The solution described here is based on the deep deterministic policy gradients (DDPG) algorithm. It utilizes an actor critic architecture with experience replay, soft target network updates, gradient clipping and noise decay. For both, the actor and the critic, a fully connected neural network architecture is chosen here with two hidden layers of 256 and 196 neurons respectively, relu activations, and batch normalization before the activations of the first hidden layer. The 2-node output layer (action space) of the actor network makes use of tanh activations to satisfy the action value range of -1 to 1.

For implementing experience replay, a buffer capable of storing up to 100,000 experience tuples is utilized. Every 10th time step 10 learning cycles are initiated. During each cycle 1024 experience tuples are randomly sampled from the buffer (given there are already at least 1024 tuples in the buffer) and used to train the networks. The training itself uses the sampled experience tuples to train the actor and the critic network with a learning rate of 0.001 and without weight decay. The target actor and critic networks are updated at the end of every learning cycle with an interpolation tau of 0.001 from the respective local networks. Exploration is enforced through an OU process that adds noise to the actor outputs with a theta of 0.15 and a sigma of 0.2. This added noise decays with a decay factor of 0.9999.

Future rewards are discounted by a gamma of 0.99.

### Training Results

The training is scheduled to run for up to 10,000 episodes and with up to 1,000 time steps per episode. However, as soon as an average score of the self-play agent of +0.5 is achieved over the last 100 consecutive episodes the environment is solved and the training stops. With the above described learning algorithm scores as plotted in the following graph have been achieved per episode during training.

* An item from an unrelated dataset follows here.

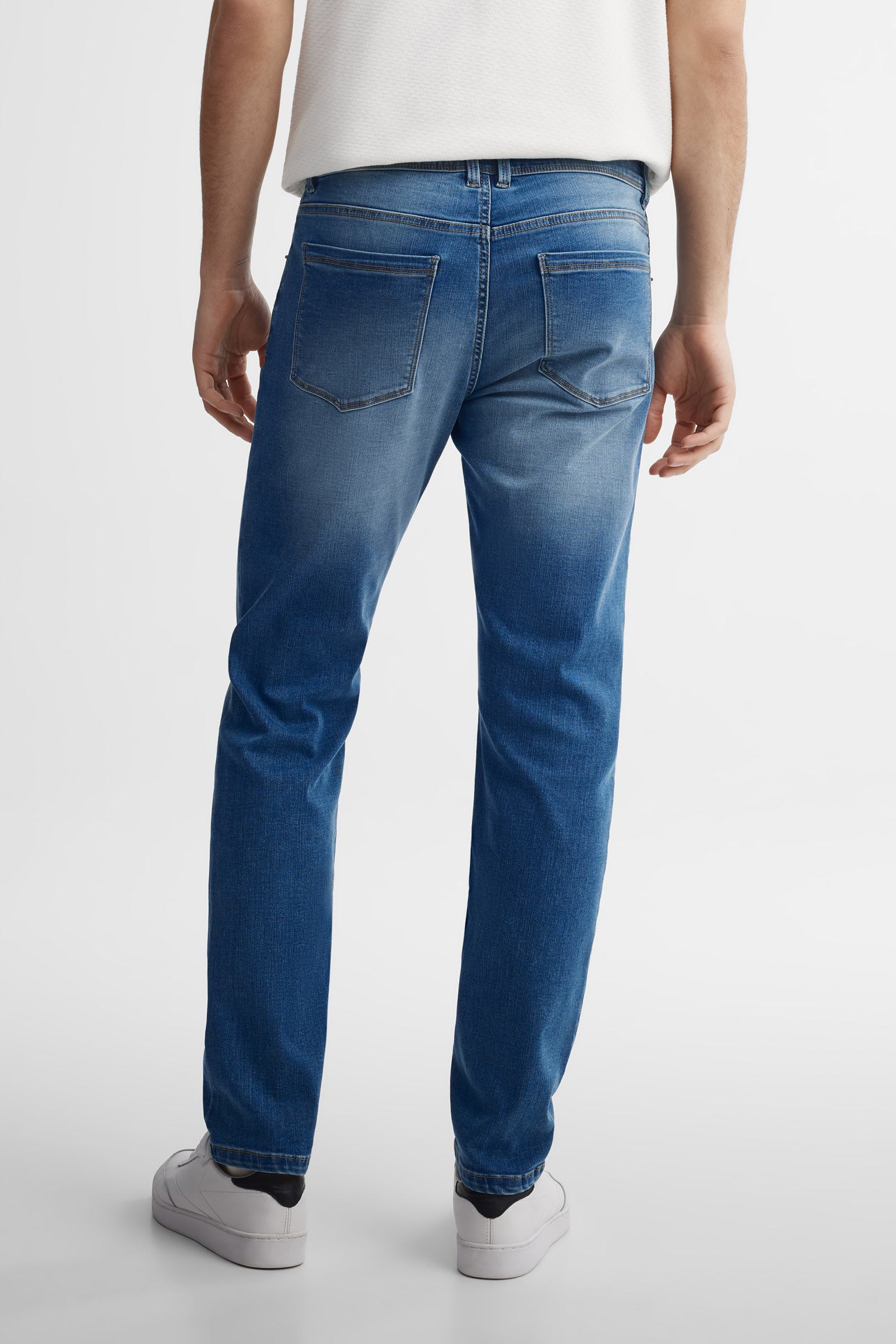 Jeans jambe fuselée - Homme && MOYEN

![image.png](attachment:image.png)

After a training of 726 episodes an average score of 0.52 was achieved by the agent. Hence, it took the agent 726 episodes to solve this environment.

## Future Work

There are apparently many ways to further improve the agent's performance. For example, due to long training times, so far only a relatively small set of possible hyperparameter settings have been evaluated manually. This hyperparameter optimization process could be automated using techniques such as grid search. As part of this optimization process the architecture of both networks (number of layers, layer type, neurons per hidden layer, batch normalization) and hyperparameters of the employed neural networks shall be included as well.

Considering the multiagent nature of the tennis environment it will also be beneficial to include the other agent's actions in the evaluation done by the own critic.

Further improvements are expected to be achieved by implementing prioritized experience replay.

The performance of alternative algorithms as compared in "Benchmarking Deep Reinforcement Learning for Continuous Control" (Duan et al., 2016) may also be investigated.